Neither of those criteria were met in the controversial CRISPR study. The university and the hospital where the births took place denied knowledge of He’s work, and the scientific community was blindsided that he had been proceeding with transferring human embryos for pregnancy. The gene he altered also does not represent an unmet medical need — among the couples he worked with, only the fathers were HIV positive, meaning they were unlikely to pass on their infection to their children. What’s more, the fathers were on anti-HIV medications, which controlled their infection and make it even less likely they would infect their partners or their children.
In the twins’ case, what happens when they want to have children? Will they be allowed to have children naturally, and pass on their edited genes and whatever potential side effects might arise from their altered DNA? Or will regulatory or scientific authorities step in and attempt to control whether their genes continue into future generations by requiring the twins to have IVF and only implanting the embryos that do not show signs of the edited gene? Would those regulatory and scientific bodies even have the right to make such a request?
“The implications go beyond just these twins,” says Dr. Kiran Musunuru, professor of cardiovascular medicine and genetics at University of Pennsylvania Perelman School of Medicine. “If we talk about the sanctity of human life, and the inherent dignity of human life, not much has been gained here. These babies were treated as subjects in a grand medical experiment, and we have to believe that they will be studied for the rest of their lives; it’s sad actually.”

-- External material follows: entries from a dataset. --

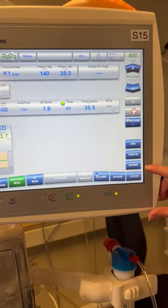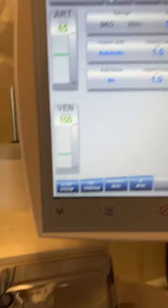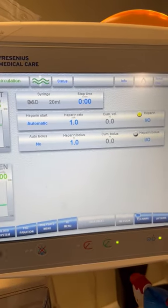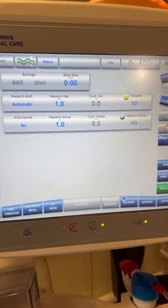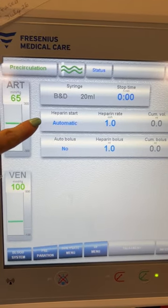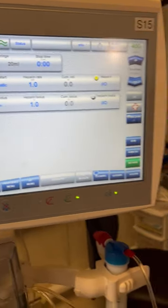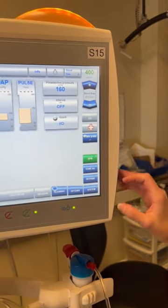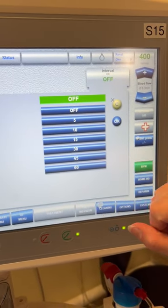We can go over to our heparin screen and make sure that the syringe matches our 20 ml syringe, which is in there. The rate will be different for everybody, but we can leave the rate as 1.1. We want the heparin start to say automatic, but we do not want the autobolus on. Then we want to go to our blood pressure screen, BPM, and make sure that the interval is set for a minimum of 60 minutes.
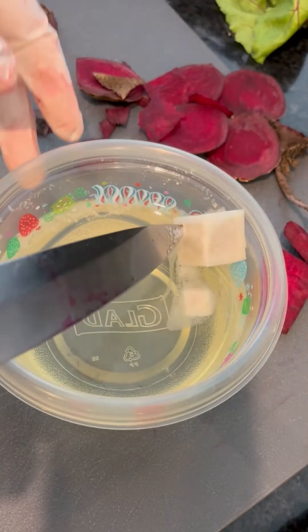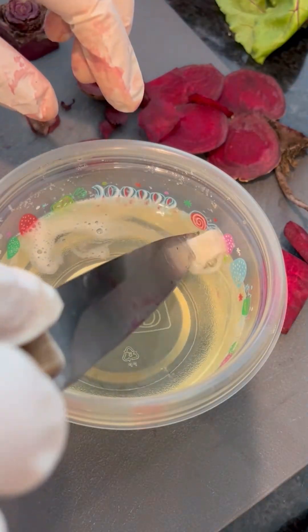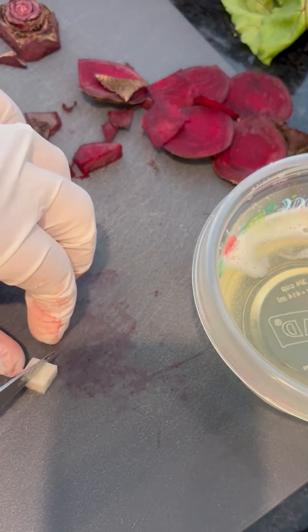After about an hour and a half we're going to pull them out. You can see that they are discolored from the bleach, and we're going to cut those both in half to see how far that discoloration has extended through each of the cubes.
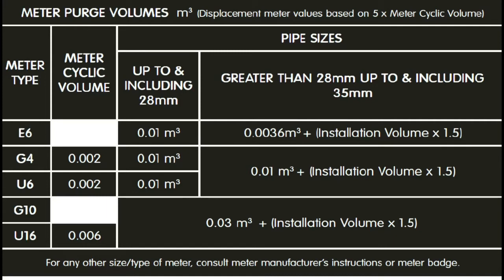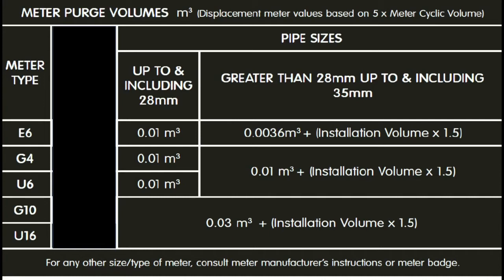The chart itself is split into three vertical columns: the meter type, the cyclic volume, and pipe sizes. For the purpose of this lecture, we don't need to worry about cyclic volumes of meters. So now you've only got two columns that you've got to worry about — the type of meter and the pipe size.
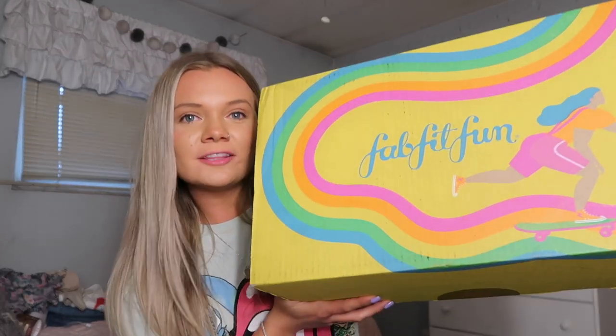Without further ado, let's get into the video. My camera just died and I charged it for a little bit, so hopefully it makes it through. We are going to start into the box. The outside of the boxes — can we just take a moment? These are the cutest things ever, I love their packaging.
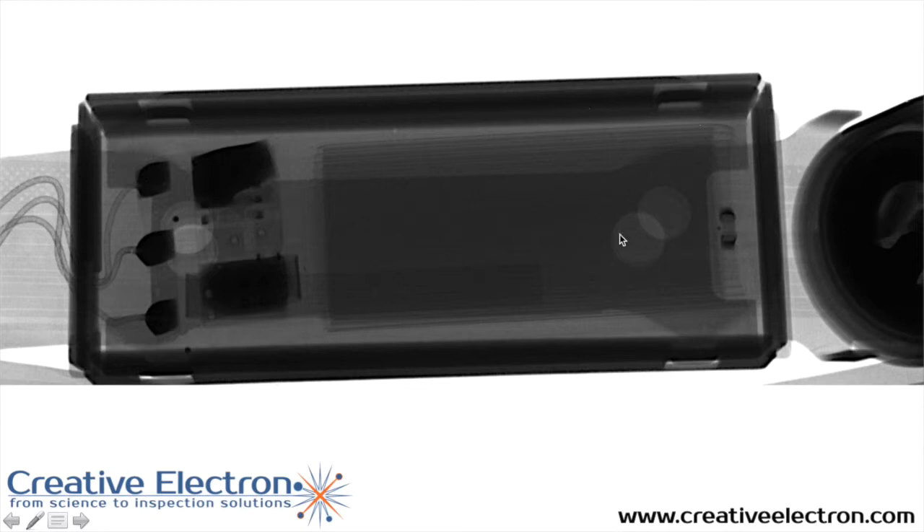The battery is a lithium polymer battery. You can see the layers of the battery here on the x-ray. These are the electrodes that connect to the battery, and then the wires that interface to the battery charger.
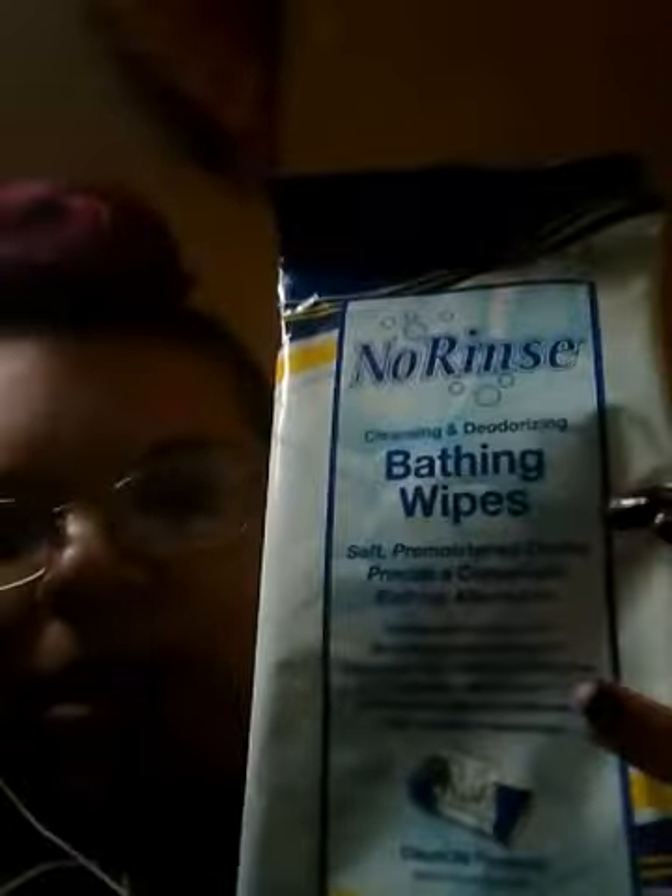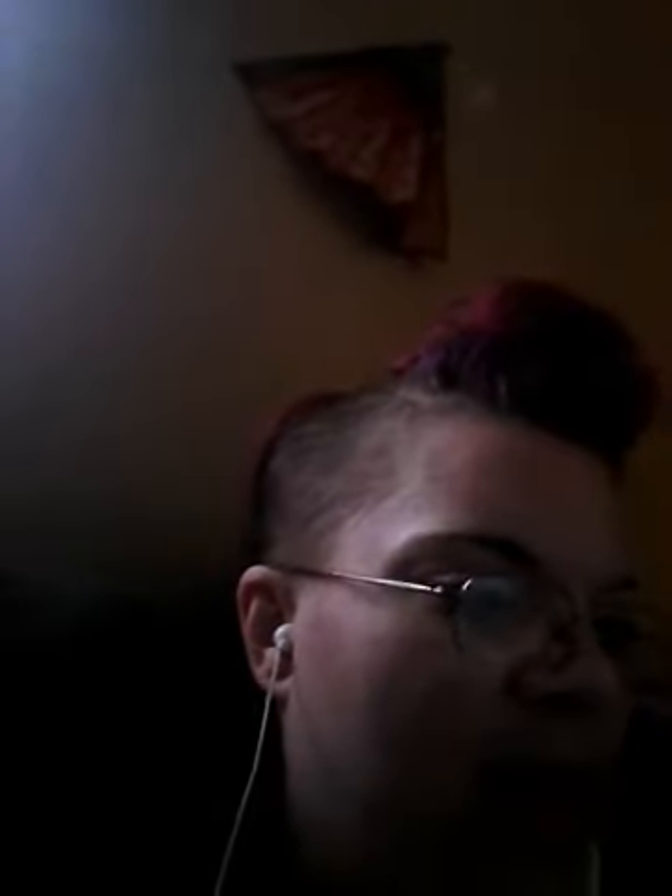Since I had my gallbladder surgery, I've been using no-rinse cleaning bath wipes for washing my body. I received a bunch of packets and they are really soft cloths, really thick — some pretty cool stuff.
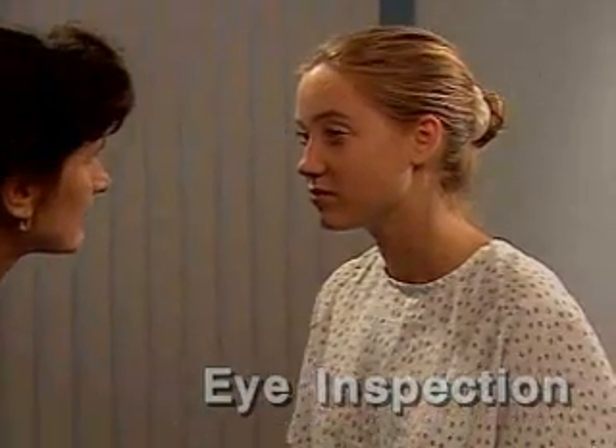During the eye inspection, observe the alignment and symmetry of the eyes. Also, examine the eyebrows and closely inspect the eyelids. Normally, the upper eyelid covers a portion of the iris but does not overlap the pupil. Inspect the area over the lacrimal gland and lacrimal sac for swelling.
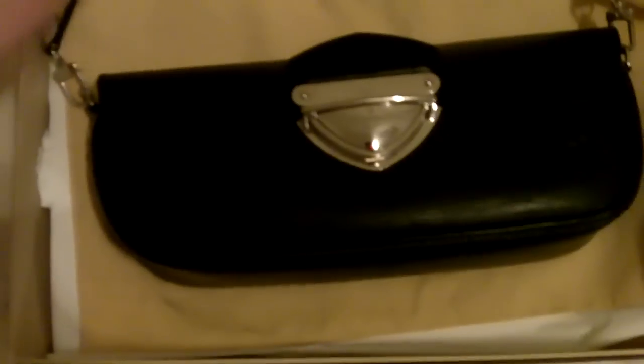Epi. You can see the LV. And overall, very good condition. The only sign of use is through the clasp — you can get signs of use right there from opening and closing it. A little mark right here, nothing major. That's about it. It's very subtle, nothing that really screams out at you. Small, nice clutch.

In his presentation and in his video, He justified his unorthodox actions by focusing on the personal. He said the father of the twins now feels motivated to find work and care for his family, and that altering the gene will protect future generations from HIV. But HIV experts say that judicious use and distribution of currently available drugs can effectively stop transmission of the virus, without taking such drastic steps of trying an proven genetic procedure and exposing people to its unknown risks.
While their identities are still protected for now, it’s unlikely the twins will remain anonymous for long. In bypassing ethical guidelines prohibiting the experiment that he conducted, He not only violated basic tenets of responsible scientific inquiry, he also forever changed how the girls will be viewed by society, and ultimately the decisions they make as a result of their involuntary status as the world’s first CRISPR babies.